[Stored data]
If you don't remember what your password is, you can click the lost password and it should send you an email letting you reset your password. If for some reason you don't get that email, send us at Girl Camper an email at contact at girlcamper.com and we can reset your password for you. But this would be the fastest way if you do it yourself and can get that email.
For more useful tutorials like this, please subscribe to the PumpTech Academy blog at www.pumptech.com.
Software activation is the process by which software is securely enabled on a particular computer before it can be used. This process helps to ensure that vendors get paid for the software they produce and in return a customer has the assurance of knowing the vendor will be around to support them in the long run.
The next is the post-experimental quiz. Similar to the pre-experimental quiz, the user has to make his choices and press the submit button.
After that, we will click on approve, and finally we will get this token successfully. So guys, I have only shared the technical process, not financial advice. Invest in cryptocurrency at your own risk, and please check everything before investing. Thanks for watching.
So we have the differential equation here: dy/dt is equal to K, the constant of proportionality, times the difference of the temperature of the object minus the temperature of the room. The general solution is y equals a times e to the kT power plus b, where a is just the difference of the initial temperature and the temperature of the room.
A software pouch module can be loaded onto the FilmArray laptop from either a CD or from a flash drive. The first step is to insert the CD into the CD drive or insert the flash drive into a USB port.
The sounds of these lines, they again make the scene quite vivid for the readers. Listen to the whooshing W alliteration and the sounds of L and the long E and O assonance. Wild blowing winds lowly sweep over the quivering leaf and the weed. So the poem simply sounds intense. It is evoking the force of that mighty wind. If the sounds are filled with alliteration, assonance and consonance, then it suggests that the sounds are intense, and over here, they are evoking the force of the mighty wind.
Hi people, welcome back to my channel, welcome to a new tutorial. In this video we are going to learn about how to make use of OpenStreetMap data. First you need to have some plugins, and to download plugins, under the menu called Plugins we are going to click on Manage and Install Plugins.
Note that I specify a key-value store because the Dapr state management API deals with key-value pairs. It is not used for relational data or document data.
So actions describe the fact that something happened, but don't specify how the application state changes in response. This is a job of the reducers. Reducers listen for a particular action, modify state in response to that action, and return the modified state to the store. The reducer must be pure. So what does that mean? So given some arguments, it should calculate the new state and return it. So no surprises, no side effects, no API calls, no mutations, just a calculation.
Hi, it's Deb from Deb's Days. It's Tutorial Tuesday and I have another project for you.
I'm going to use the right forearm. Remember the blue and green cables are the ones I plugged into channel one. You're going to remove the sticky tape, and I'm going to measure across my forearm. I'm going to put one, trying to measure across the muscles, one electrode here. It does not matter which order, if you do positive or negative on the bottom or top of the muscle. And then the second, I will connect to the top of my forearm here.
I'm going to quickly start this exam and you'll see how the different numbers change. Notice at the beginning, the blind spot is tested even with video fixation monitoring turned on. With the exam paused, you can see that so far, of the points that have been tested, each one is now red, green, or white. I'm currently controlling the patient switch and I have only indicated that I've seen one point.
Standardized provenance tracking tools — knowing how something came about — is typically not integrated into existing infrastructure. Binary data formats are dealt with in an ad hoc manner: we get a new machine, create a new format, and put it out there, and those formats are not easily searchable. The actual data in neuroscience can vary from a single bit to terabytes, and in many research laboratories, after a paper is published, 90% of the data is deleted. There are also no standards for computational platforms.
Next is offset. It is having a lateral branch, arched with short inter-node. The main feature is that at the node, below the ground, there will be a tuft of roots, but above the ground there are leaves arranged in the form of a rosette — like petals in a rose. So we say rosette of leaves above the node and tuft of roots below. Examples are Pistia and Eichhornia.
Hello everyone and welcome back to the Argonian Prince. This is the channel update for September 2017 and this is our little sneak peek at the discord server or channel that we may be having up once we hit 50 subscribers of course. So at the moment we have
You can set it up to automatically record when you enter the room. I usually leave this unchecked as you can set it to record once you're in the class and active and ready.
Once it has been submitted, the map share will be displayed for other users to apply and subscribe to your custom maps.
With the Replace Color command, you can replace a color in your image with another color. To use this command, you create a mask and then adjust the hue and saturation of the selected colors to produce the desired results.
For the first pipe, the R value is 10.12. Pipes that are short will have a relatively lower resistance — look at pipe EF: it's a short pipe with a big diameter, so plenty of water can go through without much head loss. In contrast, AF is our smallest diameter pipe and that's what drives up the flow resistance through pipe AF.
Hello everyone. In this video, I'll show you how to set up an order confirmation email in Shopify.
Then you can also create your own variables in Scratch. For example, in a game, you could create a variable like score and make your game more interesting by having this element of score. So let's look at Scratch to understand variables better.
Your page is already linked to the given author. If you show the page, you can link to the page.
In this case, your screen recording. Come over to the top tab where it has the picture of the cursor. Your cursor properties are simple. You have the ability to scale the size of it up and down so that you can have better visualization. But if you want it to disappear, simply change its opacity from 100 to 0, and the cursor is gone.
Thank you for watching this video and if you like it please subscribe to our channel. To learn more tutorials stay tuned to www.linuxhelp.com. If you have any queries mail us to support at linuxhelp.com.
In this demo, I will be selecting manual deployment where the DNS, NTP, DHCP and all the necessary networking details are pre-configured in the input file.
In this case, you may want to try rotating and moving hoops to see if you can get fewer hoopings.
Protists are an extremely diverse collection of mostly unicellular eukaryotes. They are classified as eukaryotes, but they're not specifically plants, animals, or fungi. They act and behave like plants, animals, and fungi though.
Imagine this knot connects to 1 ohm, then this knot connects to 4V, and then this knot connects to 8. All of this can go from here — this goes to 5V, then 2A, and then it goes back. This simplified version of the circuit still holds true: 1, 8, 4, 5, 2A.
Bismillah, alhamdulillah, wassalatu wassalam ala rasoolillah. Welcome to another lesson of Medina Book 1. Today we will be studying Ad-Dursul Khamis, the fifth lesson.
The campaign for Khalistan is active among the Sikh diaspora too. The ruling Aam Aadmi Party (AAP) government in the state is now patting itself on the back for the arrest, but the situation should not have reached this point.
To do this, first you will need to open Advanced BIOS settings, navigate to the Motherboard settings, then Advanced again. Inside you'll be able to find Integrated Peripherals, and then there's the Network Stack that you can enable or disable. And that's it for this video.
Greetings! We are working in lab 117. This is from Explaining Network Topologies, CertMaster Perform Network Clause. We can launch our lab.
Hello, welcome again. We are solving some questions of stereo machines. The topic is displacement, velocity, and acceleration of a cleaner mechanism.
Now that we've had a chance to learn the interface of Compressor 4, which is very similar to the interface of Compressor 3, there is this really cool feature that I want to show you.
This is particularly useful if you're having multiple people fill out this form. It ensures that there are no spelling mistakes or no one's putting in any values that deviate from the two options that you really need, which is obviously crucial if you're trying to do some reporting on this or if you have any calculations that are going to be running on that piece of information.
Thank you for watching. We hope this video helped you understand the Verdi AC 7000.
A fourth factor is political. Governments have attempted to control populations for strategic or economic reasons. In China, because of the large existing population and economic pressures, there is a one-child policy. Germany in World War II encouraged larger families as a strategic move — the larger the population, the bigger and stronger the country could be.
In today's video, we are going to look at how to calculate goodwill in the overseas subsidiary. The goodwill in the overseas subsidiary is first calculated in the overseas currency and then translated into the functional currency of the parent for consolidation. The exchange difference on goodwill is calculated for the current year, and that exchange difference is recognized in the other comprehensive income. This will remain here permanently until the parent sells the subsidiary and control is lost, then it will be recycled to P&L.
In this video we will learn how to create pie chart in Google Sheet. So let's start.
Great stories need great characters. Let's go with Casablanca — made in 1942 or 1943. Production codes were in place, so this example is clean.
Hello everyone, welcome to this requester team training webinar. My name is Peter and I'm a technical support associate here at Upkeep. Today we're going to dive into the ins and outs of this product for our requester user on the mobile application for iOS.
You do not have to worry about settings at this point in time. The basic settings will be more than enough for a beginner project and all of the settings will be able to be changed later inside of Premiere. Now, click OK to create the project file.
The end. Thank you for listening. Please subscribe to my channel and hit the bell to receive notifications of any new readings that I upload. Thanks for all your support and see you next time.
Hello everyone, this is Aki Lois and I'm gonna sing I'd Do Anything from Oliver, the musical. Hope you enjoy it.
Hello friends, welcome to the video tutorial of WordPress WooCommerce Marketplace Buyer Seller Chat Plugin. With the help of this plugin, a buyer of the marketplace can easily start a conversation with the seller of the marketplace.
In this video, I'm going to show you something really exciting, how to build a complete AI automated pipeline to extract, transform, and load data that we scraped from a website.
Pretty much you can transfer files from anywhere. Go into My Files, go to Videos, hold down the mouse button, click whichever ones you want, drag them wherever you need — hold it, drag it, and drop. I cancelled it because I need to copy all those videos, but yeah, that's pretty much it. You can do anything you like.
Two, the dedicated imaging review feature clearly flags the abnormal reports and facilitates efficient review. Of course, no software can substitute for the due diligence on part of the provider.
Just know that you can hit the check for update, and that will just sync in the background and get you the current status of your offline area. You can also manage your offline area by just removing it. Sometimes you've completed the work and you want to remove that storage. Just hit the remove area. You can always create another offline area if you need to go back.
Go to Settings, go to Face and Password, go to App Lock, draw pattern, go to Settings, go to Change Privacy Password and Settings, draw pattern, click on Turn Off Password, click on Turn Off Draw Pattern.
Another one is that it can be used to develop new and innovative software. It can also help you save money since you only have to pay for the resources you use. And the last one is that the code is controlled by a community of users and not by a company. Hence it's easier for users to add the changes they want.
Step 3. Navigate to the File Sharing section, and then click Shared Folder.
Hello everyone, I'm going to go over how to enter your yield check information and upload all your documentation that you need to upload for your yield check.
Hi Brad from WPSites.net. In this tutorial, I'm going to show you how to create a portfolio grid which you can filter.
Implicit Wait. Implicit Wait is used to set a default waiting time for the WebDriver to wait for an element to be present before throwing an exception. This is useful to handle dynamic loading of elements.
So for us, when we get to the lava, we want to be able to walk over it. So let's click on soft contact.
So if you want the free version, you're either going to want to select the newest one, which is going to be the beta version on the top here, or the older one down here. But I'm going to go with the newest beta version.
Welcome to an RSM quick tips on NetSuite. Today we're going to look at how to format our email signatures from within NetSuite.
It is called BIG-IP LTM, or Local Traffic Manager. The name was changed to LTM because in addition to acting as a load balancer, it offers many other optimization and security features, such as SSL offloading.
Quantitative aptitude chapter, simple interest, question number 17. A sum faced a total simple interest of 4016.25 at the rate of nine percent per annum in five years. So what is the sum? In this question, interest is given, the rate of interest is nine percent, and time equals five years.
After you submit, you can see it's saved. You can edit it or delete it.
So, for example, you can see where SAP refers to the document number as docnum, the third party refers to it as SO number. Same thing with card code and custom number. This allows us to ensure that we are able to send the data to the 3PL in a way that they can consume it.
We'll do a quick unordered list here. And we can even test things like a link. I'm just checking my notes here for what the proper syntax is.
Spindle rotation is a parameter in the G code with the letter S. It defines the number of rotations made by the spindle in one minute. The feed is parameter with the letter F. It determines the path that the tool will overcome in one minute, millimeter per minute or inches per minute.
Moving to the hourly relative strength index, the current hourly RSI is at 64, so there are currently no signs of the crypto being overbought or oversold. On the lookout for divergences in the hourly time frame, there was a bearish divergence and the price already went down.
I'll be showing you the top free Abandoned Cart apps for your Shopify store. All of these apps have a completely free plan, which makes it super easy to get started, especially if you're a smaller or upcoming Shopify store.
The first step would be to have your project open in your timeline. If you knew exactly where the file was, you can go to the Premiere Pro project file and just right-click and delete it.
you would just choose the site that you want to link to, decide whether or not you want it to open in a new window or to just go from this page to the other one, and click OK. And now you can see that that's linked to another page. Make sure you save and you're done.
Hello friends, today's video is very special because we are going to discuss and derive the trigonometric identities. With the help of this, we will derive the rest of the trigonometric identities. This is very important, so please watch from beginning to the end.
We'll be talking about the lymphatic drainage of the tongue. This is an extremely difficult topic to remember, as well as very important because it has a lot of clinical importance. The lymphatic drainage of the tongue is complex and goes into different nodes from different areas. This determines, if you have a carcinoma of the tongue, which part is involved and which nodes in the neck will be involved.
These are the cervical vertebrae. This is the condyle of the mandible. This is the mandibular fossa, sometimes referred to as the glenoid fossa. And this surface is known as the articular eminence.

- [What you have to do]
If the word "already" is on a line above, return that line.

- [Exercise output]
Your page is already linked to the given author. If you show the page, you can link to the page.
Moving to the hourly relative strength index, the current hourly RSI is at 64, so there are currently no signs of the crypto being overbought or oversold. On the lookout for divergences in the hourly time frame, there was a bearish divergence and the price already went down.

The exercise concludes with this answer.